How to Measure ROI in Modern Marketing
Many of us veterans of direct marketing look at the brave new world of modern marketing and find ourselves overwhelmed by digital speak, technology, quantitative methods, and artificial intelligence— much less how to measure Modern Marketing ROI. In a recent interview with global management consulting giant McKinsey & Company, Libby Chambers, Chief Strategy, Product and Marketing Officer at Western Union, says:
“I’ve spent most of my career in direct marketing, so for me, some of the science has just been rebranding stuff that people in the credit card or the publishing world have been doing for 50 years. But I do think that the cost of data has come down, the cost of the tools has come down, and the level of ‘real-timeliness’ of the information has gone way up.”
This got me thinking: many marketing veterans are hesitant to tread into modern marketing because they think it’s new. They believe somehow that technology, especially digital technology, has changed the fundamentals of marketing and that unless you know HTML and Google Analytics, it’s difficult to make headway. Libby Chambers has a different view. Fifty years is the time window she is talking about, and she sees that a lot is still the same.
How to Measure ROI in Modern Marketing
Below is a summary of a project she conducted to measure the ROI in modern marketing. Her experience reveals that the business of marketing is still fundamentally the same, but yes, you do have to learn some new tricks.
Check your marketing efforts against these highlights and you might discover that the new way to do marketing is the old way on technology steroids:
Are you thinking like a CFO with numbers?
The investing metaphor is apt in that there are many different places where you can spend your money—countries, channels, products, and customer groups. So how are you allocating your marketing dollars? The marketing discipline has evolved to where being quantitatively rigorous and having as much financial acumen as the finance people have become really important.
A crucial aspect of the entire process was the creation of test-and-learn discipline.
Testing anything means you need measurements. Everything measured was broken down into two elements: efficiency and effectiveness.
- Efficiency: consolidating the agency roster, running rigorous RFPs, negotiating commercial terms with all agencies, getting better at understanding costs and being very precise about competitively bidding out work.
- Effectiveness: improving targeting of digital-media buy, understanding where ROI was best, examining research activities to avoid duplication and to ensure building and sharing of knowledge.
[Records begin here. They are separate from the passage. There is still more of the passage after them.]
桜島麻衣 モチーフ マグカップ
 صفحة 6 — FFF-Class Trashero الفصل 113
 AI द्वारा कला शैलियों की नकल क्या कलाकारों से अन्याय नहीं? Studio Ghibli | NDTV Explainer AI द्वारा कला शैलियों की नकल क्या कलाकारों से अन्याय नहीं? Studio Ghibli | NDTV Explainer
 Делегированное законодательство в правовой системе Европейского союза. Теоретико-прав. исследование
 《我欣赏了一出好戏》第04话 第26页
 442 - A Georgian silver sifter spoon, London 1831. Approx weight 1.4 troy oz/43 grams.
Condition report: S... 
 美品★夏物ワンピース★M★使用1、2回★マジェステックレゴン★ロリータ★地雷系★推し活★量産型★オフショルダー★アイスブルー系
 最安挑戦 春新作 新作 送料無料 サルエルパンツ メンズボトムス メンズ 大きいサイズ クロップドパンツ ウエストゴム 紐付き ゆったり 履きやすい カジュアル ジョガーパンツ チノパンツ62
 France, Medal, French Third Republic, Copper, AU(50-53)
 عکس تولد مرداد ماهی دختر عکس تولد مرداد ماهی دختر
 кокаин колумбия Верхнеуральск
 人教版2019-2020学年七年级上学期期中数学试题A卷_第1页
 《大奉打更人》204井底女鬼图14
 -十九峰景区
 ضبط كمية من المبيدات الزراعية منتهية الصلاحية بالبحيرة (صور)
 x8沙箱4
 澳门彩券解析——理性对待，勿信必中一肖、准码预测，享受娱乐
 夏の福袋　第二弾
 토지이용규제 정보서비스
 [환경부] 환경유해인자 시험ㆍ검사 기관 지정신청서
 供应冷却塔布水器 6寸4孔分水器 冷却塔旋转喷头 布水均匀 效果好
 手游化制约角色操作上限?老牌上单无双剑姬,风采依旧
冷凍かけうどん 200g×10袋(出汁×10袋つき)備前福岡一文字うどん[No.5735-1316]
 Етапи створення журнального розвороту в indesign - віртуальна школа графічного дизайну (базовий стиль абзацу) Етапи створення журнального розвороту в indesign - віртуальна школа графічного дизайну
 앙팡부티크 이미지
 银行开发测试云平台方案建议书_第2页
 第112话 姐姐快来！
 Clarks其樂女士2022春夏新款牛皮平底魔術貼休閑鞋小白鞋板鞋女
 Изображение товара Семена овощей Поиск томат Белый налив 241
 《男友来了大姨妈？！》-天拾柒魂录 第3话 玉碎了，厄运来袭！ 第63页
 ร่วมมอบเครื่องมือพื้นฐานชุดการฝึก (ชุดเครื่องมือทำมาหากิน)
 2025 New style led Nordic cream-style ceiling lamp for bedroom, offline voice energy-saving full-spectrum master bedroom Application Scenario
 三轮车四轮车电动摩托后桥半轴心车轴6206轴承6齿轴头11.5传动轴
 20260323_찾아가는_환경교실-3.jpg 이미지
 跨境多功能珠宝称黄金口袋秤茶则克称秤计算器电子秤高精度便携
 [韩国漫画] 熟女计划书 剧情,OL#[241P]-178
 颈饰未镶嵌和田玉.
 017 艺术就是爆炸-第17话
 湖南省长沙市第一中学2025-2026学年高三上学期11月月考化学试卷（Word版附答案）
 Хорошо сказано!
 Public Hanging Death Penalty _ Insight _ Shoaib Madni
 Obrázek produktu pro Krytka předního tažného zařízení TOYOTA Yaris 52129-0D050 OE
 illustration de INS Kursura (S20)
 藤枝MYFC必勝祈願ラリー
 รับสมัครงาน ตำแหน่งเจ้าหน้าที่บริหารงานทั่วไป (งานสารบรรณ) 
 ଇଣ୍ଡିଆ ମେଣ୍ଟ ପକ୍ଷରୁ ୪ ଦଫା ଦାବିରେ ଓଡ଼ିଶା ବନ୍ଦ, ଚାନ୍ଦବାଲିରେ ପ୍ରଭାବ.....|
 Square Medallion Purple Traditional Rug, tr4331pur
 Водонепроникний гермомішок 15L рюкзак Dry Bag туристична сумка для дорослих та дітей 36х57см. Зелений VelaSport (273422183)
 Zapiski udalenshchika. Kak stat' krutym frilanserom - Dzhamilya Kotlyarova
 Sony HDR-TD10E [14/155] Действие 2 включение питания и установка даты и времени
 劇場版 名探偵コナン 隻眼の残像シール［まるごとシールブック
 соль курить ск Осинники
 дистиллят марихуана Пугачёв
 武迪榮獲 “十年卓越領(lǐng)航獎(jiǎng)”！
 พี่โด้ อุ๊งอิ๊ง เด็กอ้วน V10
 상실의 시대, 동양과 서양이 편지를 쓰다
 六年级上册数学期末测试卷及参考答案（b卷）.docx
- Measuring Modern Marketing ROI takes time—but not too much time. This project took eight to nine months. Chambers’ team developed around 50 different measures that they have been able to put in place and are now tracking.
- The captured savings go into a “pot” where it is measured and then redeployed to a series of growth projects.
- The budget is now aligned, not on a percentage-of-sales basis, but on a much more sophisticated, what-are-we-actually-getting-on-our-return basis for that marketing spend.
If you look at the interview in this stripped-down manner, you might think: that’s basic. What’s new about it? And yet it’s kind of project the head of Marketing at the Western Union, a $5.4 billion USD company, undertakes and discusses with a progressive consulting firm.
Back to Basics
Well, it is basic. As Chambers points out, technology has helped marketing processes move faster and at a more granular level—both of which we wanted when we started out in marketing. Now we have this technology, so become friends with it and get back to the trenches. Deploy some math and finance skills to deliver your marketing solutions. One good way is to take every marketing step you follow and re-imagine it with how technology and financial skills can be used to do the same step. And you don’t have to be a math or finance whiz for this, you only need somebody on your team who is and then ride the dragon.